This week I discovered Monte Mader, thanks to the interview on Data over Dogma podcast deconstructing tradwife and purity culture that is permeating all right wing agendas. Well worth watching!
She had a very authoritarian upbringing, but is now very outspoken and well informed on all the issues that thinking women (and men) care about. She has her own podcast as well called Flipping Tables.
Grizzerbear, veterans already have two months, May and November. The fact that you either didn’t know that fact already or willfully ignored it tells me everything I will ever need to know about you. Trump is also a draft-dodger who is on record calling veterans “suckers and losers,” so stop pretending to respect the troops. You obviously don’t care. You’re not fooling anyone anymore.

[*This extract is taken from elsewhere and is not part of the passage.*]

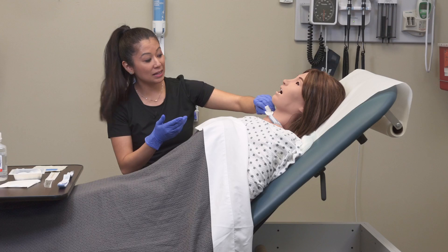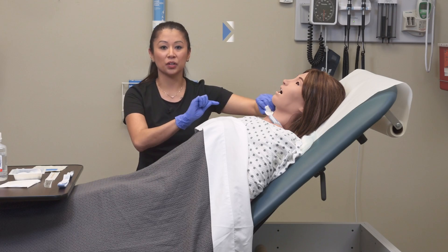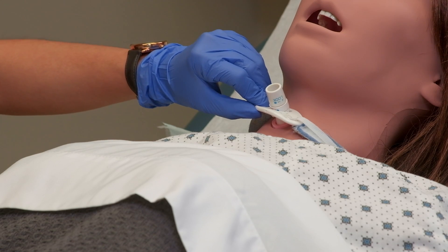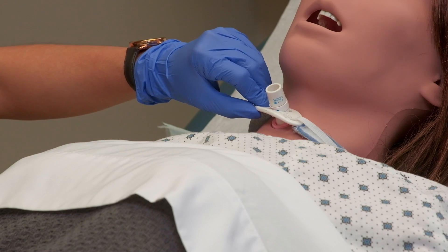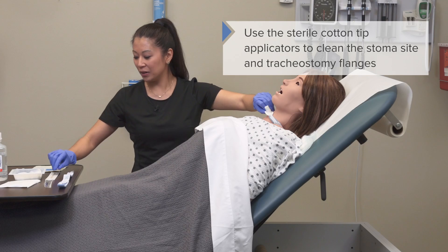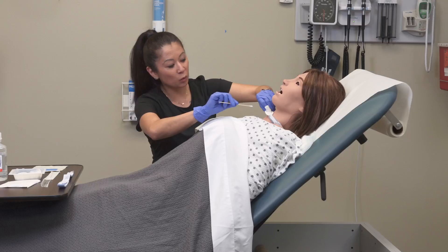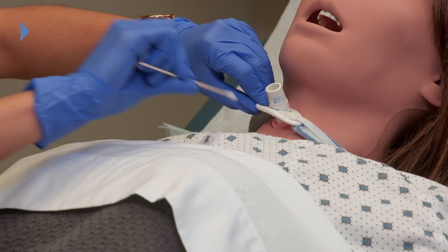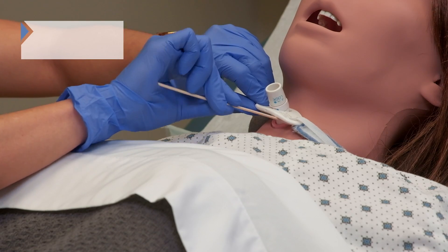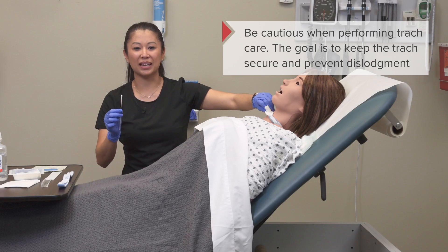Now that I've taken off that dressing and cleaned, I can see a little bit better underneath and assess that stoma site. Is there any excoriation, unusual drainage, signs of infection? We want to take a moment and look. The cotton-tip applicators are really helpful to get all the extra material off — I like to take one and go around the stoma site, then use another to get all the material underneath the flange.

I served my mission among evangelicals in the early-2000s, so I’ve known for over 20 years that these people openly hate and despise us. For them, we are scarcely a notch above Muslims and atheists, and only barely as good as Jews and Catholics, whom they also only begrudgingly tolerate. Literally our only saving grace in their eyes is that our theology despises LGBTQ people almost as much as they do, otherwise they would gleefully exterminate us too—and if they ever did succeed in killing off all the gays, they would surely come for us next, too.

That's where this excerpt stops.